Arid and semi-arid regions are part of dryland ecosystems, which are characterized by low and variable precipitation in both time and space [1,2,3], combined with high evapotranspiration. They cover about 25% (arid: 10%, semi-arid: 15%) of the surface of the planet and are home to one billion people [4,5].

Rangeland makes up 87% and 54% of the land use in arid and semi-arid areas [4]. In these regions, the preservation of the integrity of rangeland presents both economic and environmental interests. Indeed, drylands and their vegetation cover provide a series of ecosystem services, including an important source of food and income for the local population through livestock keeping, and involvement in a series of environment-related processes such as the regulation of climate through carbon sequestration and soil–atmosphere energy exchanges, contribution to soil nutrient cycles, regulation of the hydrological cycle, protection against soil erosion, etc. [1,4,6,7].

In these regions, rangeland properties, including biomass production, are driven in a large part by climatic conditions and more specifically the availability of water [1,3,4,8,9,10]. In the current context of climate change, rangeland areas are subject to an increase in climate hazards, especially in the variability of rains [9,11], and local increases in drought episodes (e.g., in the Mediterranean region: [11]), causing important variations in forage yield from year to year [10,12]. The degradation of the vegetation cover caused by natural conditions is aggravated in these areas by increased pressure due to population growth and the demand for more food, economic development, technological progress, etc., causing alterations in the vegetation cover, including losses in biomass, by human-induced factors such as overgrazing or transformation of rangeland into cultivated areas [2,4,13,14,15,16].

This context highlights the need for the proper assessment of the vegetation cover, both in terms of quantity (biomass, fraction of soil covered by vegetation, etc.) and quality (disappearance of the original species in favor of species indicating land degradation, etc.) that can be incorporated in a plan for the sustainable management of rangeland that integrates both the protection of livelihoods of local populations and the preservation of this already fragile environment.
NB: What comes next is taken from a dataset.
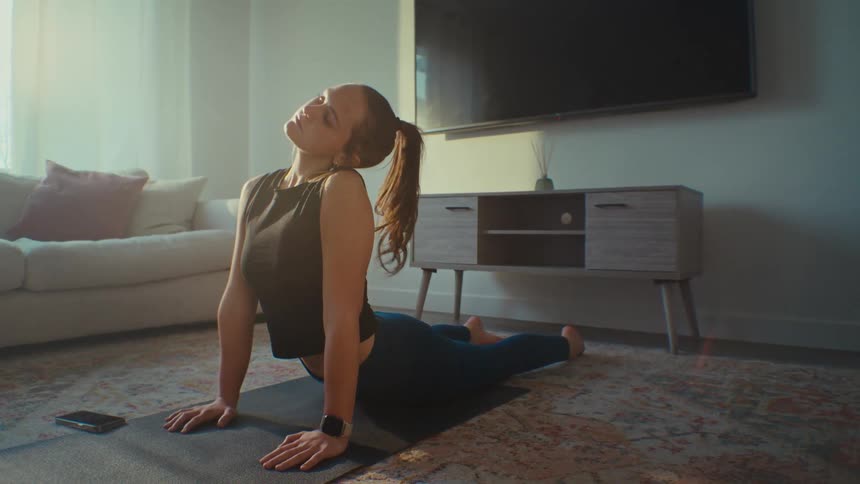 A young blonde woman is doing pilates in a living room and then starts using her cell phone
The assessment of rangeland biomass over large areas, such as at regional or national level, therefore constitutes an important economic and environmental tool that allows for the better management of grazing areas.

In arid and semi-arid regions, characterized by vast areas that are sometimes difficult to reach, the integration of remote sensing data has become over the past few decades a widely used method to study and describe the vegetation cover and its variations in space and time [6,17]. Combinations of the R and NIR bands, in the form of a simple ratio or other linear combinations such as the Normalized Difference Vegetation Index (NDVI) [18], the Enhanced Vegetation Index [19], and several variations of the Soil-Adjusted Vegetation Index [20,21,22,23], have been extensively used to monitor changes in vegetation all over the globe and assess a variety of biophysical properties, including plant biomass (a list of studies is available in reviews by [24], for rangelands and grasslands by [17,25], and in arid and semi-arid regions by [6].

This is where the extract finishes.